INSTRUCTIONS TO FOLLOW:
Return the listing below in full, with every line exactly as it is.

INFORMATION PROVIDED:
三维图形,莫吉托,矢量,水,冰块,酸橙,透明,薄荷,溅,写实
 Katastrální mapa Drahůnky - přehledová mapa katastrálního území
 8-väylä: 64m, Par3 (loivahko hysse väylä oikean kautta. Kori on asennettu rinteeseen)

OUTPUT FOR THIS TASK:
三维图形,莫吉托,矢量,水,冰块,酸橙,透明,薄荷,溅,写实
 Katastrální mapa Drahůnky - přehledová mapa katastrálního území
 8-väylä: 64m, Par3 (loivahko hysse väylä oikean kautta. Kori on asennettu rinteeseen)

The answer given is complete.